Adesso la questione è solo: dove posso avere più speranza di emergere? Forse in Italia, dove solo a Napoli ci sono sicuramente 300 maestri […] o a Parigi, dove circa due o tre persone scrivono per il teatro e gli altri compositori si possono contare sulle punte delle dita?

(Leopold Mozart)

Dal XVI secolo in poi Napoli è un punto di riferimento in Europa per lo sviluppo delle arti e meta di artisti famosi in ogni campo, dalla pittura alla scultura all’architettura, ma soprattutto nella musica. 

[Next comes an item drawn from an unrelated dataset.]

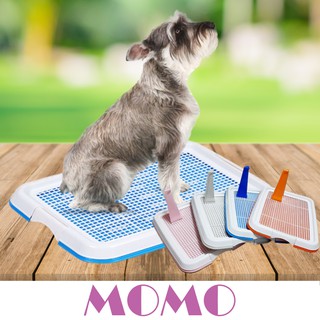 สินค้า MOMO ถาดรองฉี่สุนัข (TD01) ถาดรองฉี่ ห้องน้ำสุนัข Dog pee Toilet pad tray (สีชมพูที่ตั้งเทา)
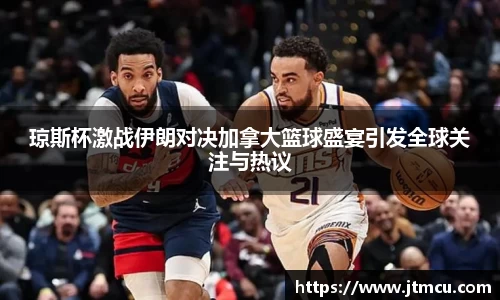 熊猫体育app官方入口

Nel Cinquecento la città partenopea vide l’apertura di ben quattro Conservatori (Santa Maria di Loreto, 1537; Pietà dei Turchini, 1573; Poveri di Gesù Cristo, 1589; Sant’Onofrio, 1598), che ebbero un ruolo determinante per lo sviluppo della vita musicale della città. Tali istituzioni nacquero come strumento ante litteram di welfare per dare un tetto ed un pasto a ragazzi in maggioranza orfani, in un’epoca di grande povertà per il popolo napoletano. 

Successivamente nei Conservatori venne introdotto lo studio della musica e del canto per offrire un mestiere ai giovani indigenti. Grazie alla presenza di valenti insegnanti, come Francesco Durante, si ottennero dei risultati formativi inaspettati e di grande qualità. Nacquero infatti alcuni tra i più rilevanti compositori del XVII secolo, quali Giovanni Battista Pergolesi, Niccolò Jommelli, Tommaso Traetta, Niccolò Piccinni e Giovanni Paisiello. Il sostegno economico ai Conservatori era garantito con la carità di benefattori privati e attraverso alcune attività commerciali presenti nei pressi degli stessi, e con parte delle paghe guadagnate dai ragazzi ottenute per suonare e cantare in varie occasioni.

Il metodo didattico messo a punto nei Conservatori napoletani, riconosciuto nel resto d’Italia e d’Europa, ci consente a pieno titolo di parlare di “Scuola Musicale Napoletana”, il cui iniziatore fu Gesualdo da Venosa (detto ‘il principe dei musici’) con le sue innovazioni dei Madrigali, e successivamente comprese autori come Francesco Provenzale, Alessandro Scarlatti, Francesco Durante, Niccolò Porpora, Domenico Scarlatti, Giovan Battista Pergolesi e Domenico Cimarosa.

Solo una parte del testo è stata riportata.